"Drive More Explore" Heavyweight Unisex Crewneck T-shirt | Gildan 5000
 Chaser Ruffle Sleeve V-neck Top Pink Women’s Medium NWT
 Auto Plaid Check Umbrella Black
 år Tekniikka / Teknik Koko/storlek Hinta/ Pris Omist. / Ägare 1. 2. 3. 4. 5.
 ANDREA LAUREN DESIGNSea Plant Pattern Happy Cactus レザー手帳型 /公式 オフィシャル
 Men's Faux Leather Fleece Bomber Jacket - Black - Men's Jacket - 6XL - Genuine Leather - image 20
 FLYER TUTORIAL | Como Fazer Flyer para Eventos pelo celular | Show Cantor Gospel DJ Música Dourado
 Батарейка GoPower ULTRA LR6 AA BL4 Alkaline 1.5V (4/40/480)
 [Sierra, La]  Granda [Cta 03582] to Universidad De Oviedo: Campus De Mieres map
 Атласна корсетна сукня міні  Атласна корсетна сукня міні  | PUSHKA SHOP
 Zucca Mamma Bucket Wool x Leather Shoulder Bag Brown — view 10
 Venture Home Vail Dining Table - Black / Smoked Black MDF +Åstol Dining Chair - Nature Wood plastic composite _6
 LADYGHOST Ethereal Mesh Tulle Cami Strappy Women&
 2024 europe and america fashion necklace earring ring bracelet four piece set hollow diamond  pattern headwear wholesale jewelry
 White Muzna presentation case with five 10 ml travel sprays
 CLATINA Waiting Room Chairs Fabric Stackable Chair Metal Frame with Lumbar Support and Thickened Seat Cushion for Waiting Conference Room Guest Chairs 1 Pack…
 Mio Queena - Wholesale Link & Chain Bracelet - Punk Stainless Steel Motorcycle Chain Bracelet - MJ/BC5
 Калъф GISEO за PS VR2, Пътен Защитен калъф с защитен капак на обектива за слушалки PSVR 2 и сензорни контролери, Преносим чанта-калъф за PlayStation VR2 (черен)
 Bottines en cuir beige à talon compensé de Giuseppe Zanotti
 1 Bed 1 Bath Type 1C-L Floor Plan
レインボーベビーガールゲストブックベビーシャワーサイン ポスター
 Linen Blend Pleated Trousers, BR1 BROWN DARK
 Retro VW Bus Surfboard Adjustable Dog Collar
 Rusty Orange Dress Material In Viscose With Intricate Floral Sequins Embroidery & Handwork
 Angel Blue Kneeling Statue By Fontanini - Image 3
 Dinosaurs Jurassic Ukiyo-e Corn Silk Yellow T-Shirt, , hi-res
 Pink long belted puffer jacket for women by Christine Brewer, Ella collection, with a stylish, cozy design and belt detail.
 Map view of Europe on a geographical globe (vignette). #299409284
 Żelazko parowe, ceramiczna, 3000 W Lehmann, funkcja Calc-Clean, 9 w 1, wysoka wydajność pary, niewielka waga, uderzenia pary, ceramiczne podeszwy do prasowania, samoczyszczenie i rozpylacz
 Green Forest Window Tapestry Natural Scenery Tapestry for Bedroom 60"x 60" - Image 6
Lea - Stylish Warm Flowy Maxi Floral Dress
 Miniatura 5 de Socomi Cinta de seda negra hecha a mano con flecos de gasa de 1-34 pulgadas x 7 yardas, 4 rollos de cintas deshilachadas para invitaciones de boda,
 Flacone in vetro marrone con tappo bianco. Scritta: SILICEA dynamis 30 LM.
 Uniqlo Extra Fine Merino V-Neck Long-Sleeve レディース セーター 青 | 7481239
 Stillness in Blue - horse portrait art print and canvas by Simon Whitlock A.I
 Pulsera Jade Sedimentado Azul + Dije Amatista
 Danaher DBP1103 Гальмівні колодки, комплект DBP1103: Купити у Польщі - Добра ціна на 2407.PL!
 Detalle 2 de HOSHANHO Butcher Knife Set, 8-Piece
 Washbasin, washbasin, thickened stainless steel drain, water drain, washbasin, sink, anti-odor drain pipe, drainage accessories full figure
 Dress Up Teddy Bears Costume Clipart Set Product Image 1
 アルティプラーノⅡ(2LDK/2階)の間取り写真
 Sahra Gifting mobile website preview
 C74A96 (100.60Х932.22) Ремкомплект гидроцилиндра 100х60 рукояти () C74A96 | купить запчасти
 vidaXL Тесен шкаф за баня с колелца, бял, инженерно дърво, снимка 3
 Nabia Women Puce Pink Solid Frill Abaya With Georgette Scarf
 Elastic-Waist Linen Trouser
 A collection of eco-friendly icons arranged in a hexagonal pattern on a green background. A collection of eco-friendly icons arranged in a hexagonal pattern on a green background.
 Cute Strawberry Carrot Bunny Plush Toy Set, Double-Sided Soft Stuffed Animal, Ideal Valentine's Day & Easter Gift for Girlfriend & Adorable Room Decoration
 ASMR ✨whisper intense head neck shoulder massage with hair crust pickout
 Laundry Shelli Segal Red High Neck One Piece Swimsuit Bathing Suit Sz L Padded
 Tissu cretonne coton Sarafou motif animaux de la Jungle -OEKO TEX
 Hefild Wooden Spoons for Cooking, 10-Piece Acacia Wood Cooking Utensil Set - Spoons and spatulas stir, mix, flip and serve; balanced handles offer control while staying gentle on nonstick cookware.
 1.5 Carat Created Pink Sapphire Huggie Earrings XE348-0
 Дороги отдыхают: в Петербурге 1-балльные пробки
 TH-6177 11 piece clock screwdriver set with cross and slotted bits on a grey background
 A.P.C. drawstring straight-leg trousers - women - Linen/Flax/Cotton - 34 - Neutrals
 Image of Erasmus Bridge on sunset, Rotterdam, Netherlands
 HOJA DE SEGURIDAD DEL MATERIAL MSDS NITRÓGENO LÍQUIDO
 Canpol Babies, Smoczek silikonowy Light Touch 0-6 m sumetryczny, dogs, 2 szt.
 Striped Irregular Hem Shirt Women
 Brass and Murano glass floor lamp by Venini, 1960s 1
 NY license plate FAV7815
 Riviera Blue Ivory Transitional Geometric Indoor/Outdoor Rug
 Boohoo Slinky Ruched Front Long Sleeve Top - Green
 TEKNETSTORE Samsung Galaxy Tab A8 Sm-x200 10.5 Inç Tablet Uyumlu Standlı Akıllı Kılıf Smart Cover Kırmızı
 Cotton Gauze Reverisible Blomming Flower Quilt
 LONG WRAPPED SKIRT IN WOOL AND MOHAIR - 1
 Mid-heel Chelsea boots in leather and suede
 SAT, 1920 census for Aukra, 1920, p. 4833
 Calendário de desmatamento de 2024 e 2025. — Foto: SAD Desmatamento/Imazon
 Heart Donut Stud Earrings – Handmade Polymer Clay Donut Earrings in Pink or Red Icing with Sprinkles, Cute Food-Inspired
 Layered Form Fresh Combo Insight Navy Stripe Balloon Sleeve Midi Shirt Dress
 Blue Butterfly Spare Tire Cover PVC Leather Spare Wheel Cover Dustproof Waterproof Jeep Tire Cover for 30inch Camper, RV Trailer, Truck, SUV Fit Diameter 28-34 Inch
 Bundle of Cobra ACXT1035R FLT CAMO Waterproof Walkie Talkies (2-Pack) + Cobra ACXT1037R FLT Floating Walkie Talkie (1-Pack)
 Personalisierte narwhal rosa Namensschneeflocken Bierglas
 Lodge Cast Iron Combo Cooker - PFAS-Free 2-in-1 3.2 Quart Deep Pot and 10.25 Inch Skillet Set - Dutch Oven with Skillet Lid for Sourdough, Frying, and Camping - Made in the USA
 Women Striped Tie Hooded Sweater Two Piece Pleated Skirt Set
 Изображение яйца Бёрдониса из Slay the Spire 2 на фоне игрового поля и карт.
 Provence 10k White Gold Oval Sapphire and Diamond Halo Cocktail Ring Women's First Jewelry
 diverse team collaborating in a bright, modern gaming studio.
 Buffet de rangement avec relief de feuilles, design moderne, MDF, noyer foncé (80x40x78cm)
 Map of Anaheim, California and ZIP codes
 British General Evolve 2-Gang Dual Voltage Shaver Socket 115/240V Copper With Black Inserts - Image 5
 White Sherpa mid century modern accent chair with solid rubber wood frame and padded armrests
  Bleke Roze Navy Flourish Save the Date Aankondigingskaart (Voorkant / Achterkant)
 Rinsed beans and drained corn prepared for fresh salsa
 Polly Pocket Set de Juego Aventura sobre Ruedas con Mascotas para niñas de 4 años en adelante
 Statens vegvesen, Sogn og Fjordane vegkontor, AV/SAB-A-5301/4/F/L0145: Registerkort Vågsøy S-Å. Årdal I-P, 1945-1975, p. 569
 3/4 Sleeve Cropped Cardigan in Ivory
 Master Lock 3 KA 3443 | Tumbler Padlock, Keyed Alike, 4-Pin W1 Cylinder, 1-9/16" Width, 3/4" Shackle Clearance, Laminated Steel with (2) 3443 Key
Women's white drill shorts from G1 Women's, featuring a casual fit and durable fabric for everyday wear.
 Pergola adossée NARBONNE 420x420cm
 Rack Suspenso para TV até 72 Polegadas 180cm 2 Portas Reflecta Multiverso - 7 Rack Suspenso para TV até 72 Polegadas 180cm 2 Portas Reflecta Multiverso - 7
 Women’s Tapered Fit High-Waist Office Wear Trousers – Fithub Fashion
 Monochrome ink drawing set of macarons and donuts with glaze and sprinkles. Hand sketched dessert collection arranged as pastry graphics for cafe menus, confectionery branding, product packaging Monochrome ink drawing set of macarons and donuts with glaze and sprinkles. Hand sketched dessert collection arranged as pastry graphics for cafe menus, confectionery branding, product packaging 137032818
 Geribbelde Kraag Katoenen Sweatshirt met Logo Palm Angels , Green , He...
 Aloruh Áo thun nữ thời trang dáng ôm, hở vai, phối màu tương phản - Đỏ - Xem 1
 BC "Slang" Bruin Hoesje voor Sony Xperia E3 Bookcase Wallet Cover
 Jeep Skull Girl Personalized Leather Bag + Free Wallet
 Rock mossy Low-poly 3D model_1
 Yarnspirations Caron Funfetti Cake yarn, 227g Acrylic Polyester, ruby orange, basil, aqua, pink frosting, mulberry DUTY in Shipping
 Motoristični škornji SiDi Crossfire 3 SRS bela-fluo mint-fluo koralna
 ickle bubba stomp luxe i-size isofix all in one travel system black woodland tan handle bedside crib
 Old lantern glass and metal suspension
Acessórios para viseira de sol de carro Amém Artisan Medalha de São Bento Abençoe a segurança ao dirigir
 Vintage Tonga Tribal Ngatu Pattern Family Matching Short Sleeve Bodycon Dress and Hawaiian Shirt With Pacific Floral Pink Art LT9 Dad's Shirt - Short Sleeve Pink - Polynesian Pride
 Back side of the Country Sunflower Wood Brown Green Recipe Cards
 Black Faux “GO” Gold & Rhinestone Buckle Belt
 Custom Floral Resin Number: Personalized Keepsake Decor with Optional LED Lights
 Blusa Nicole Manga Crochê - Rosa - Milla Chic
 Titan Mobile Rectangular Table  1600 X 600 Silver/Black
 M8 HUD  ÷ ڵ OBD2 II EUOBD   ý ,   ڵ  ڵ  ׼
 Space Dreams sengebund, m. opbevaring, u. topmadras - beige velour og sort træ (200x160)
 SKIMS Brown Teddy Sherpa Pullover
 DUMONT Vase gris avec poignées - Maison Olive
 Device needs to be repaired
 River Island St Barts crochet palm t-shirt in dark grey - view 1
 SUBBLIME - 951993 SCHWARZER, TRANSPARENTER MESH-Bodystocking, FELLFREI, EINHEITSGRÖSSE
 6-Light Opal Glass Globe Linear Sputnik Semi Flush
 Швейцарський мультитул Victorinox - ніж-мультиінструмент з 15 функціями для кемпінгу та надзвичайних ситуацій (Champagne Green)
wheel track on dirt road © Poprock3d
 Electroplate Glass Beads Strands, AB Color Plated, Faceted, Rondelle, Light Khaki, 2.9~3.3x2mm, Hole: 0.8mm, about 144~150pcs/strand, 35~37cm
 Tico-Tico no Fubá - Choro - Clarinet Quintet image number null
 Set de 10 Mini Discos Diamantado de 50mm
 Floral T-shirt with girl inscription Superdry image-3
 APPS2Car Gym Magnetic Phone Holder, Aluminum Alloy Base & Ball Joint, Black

• **WHAT TO DO**
Take from the material above the lines running from the one with "Pulsera Jade Sedimentado" through the one with "green background. A", and repeat them exactly, with nothing else.

• **OUTPUT BELOW**
 Pulsera Jade Sedimentado Azul + Dije Amatista
 Danaher DBP1103 Гальмівні колодки, комплект DBP1103: Купити у Польщі - Добра ціна на 2407.PL!
 Detalle 2 de HOSHANHO Butcher Knife Set, 8-Piece
 Washbasin, washbasin, thickened stainless steel drain, water drain, washbasin, sink, anti-odor drain pipe, drainage accessories full figure
 Dress Up Teddy Bears Costume Clipart Set Product Image 1
 アルティプラーノⅡ(2LDK/2階)の間取り写真
 Sahra Gifting mobile website preview
 C74A96 (100.60Х932.22) Ремкомплект гидроцилиндра 100х60 рукояти () C74A96 | купить запчасти
 vidaXL Тесен шкаф за баня с колелца, бял, инженерно дърво, снимка 3
 Nabia Women Puce Pink Solid Frill Abaya With Georgette Scarf
 Elastic-Waist Linen Trouser
 A collection of eco-friendly icons arranged in a hexagonal pattern on a green background. A collection of eco-friendly icons arranged in a hexagonal pattern on a green background.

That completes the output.